## 13-May-2015: (Beginners level) Analyzing unknown binary files using information entropy.

The note below has been copypasted to the Reverse Engineering for Beginners book

For the sake of simplification, I would say, information entropy is a measure, how tightly some piece of data can be compressed. For example, it is usually not possible to compress already compressed archive file, so it has high entropy. On the other hand, one megabyte of zero bytes can be compressed to a tiny output file. Indeed, in plain English language, one million of zeroes can be described just as "resulting file is one million zero bytes". Compressed files are usually a list of instructions to decompressor, like this: "put 1000 zeroes, then 0x23 byte, then 0x45 byte, then put a block of size 10 bytes which we've seen 500 bytes back, etc".

Texts written in natural languages are also can be compressed tightly, because natural languages has a lot of redundancy (otherwise, a tiny typo will always lead to misunderstanding, like any toggled bit in compressed archive make decompression nearly impossible), some words are used very often, etc. It's possible to drop some words and text will be still readable.

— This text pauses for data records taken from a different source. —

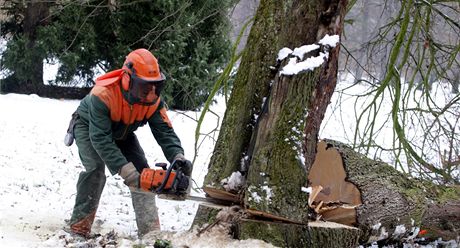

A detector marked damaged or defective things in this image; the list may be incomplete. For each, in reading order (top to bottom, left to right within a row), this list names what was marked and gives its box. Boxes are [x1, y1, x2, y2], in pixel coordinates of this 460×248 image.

splintered wood [308, 140, 362, 226]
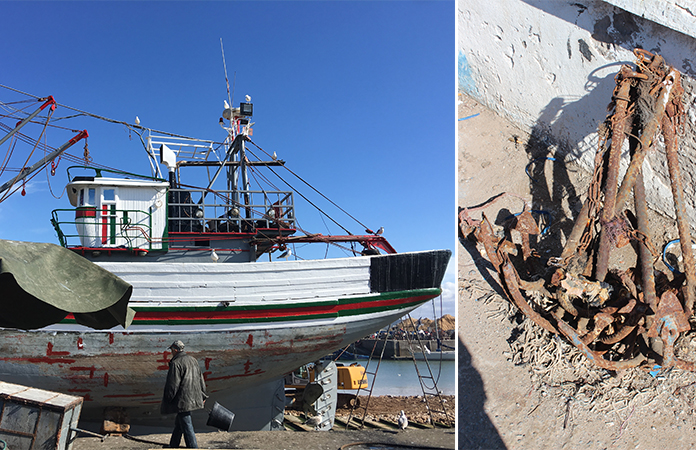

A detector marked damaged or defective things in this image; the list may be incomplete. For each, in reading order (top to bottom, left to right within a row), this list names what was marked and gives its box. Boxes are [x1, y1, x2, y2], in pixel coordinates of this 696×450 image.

rusty metal debris [460, 48, 696, 372]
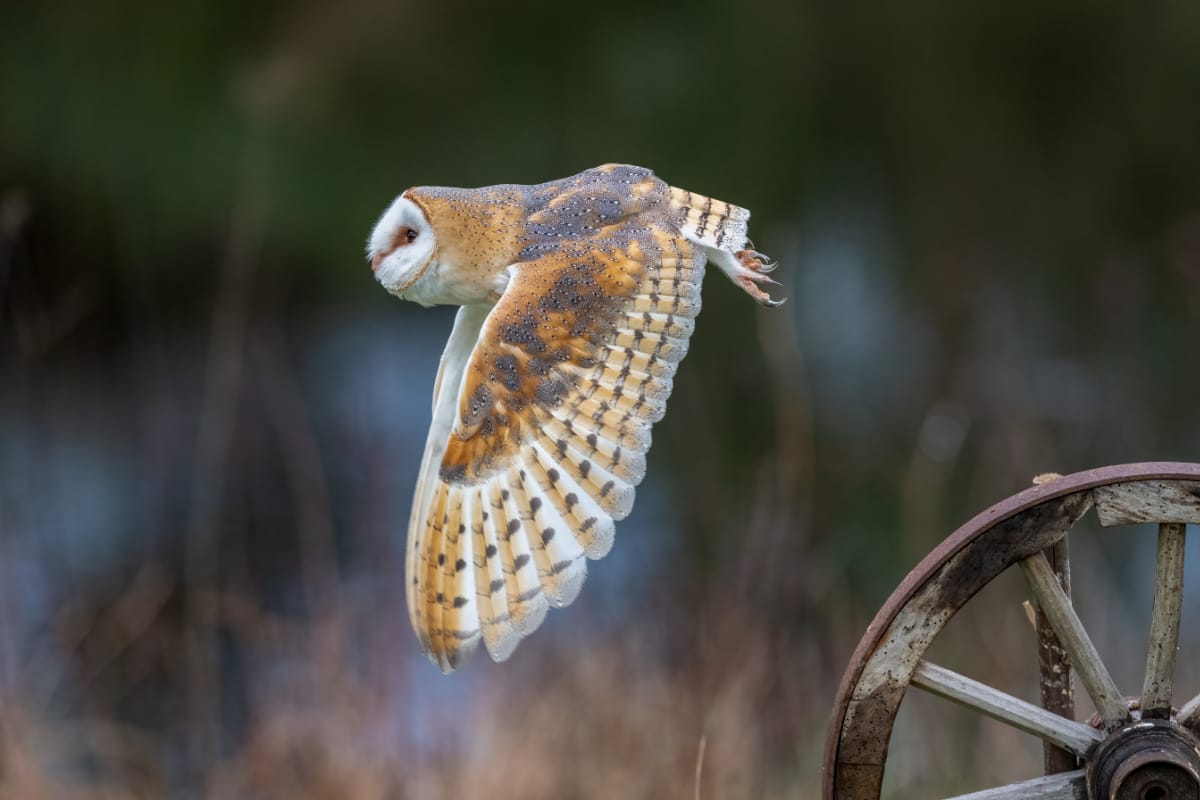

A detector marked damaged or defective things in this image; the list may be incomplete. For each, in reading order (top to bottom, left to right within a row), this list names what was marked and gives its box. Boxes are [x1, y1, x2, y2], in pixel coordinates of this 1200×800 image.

rusty wagon wheel [820, 462, 1200, 800]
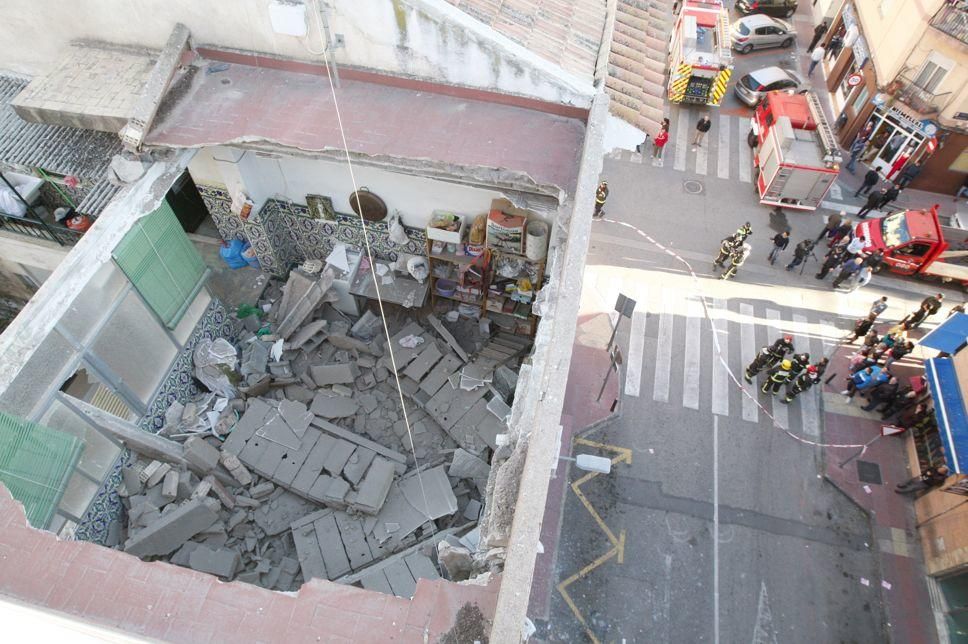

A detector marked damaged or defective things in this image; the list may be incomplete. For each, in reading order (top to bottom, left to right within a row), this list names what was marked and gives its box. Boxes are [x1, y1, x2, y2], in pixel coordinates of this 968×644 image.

broken concrete slab [310, 362, 360, 388]
broken concrete slab [310, 390, 360, 420]
broken concrete slab [123, 498, 219, 560]
broken concrete slab [189, 544, 242, 580]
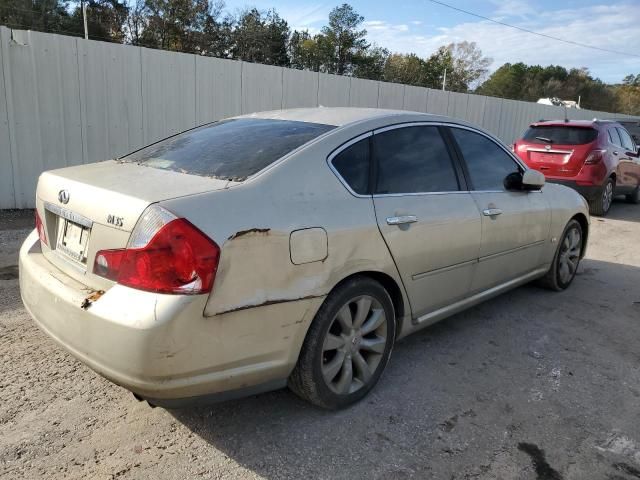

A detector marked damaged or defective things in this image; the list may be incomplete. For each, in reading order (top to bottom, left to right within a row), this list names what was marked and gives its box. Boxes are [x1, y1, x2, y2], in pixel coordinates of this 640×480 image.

dented bumper [20, 231, 324, 404]
peeling paint [215, 294, 322, 316]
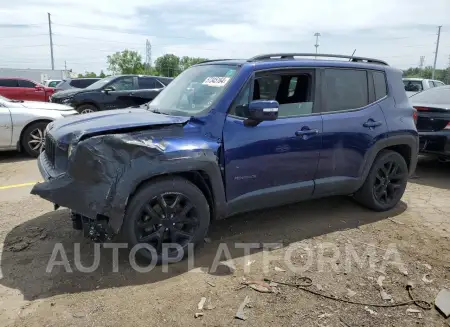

Code for CPUs is also can be compressed, because some ISA instructions are used much more often than others. In x86, most used instructions are MOV/PUSH/CALL -- indeed, most of the time, computer CPU is just shuffling data and switching between levels of abstractions. If to consider data shuffling as moving data between levels of abstractions, this is also part of switching.

Data compressors and encryptors tend to produce very high entropy results. Good pseudorandom number generators also produce data which cannot be compressed (it is possible to measure their quality by this sign).

So, in other words, entropy is a measure which can help to probe unknown data block. Even more than that, it is possible to slice some file by blocks, probe each and draw a graph. I did this in Wolfram Mathematica for demonstration and here is a source code (Mathematica 10):

(* loading the file *)

(* setting block sizes *)
BlockSize=4096;BlockSizeToShow=256;

(* slice blocks by 4k *)
blocks=Partition[input,BlockSize];

(* how many blocks we've got? *)
Length[blocks]

(* calculate entropy for each block. 2 in Entropy[] (base) is set with the intention so Entropy[]
function will produce the same results as Linux ent utility does *)
entropies=Map[N[Entropy[2,#]]&,blocks];

(* helper functions *)
fBlockToShow[input_,offset_]:=Take[input,{1+offset,1+offset+BlockSizeToShow}]
fToASCII[val_]:=FromCharacterCode[val,"PrintableASCII"]
fToHex[val_]:=IntegerString[val,16]
fPutASCIIWindow[data_]:=Framed[Grid[Partition[Map[fToASCII,data],16]]]
fPutHexWindow[data_]:=Framed[Grid[Partition[Map[fToHex,data],16],Alignment->Right]]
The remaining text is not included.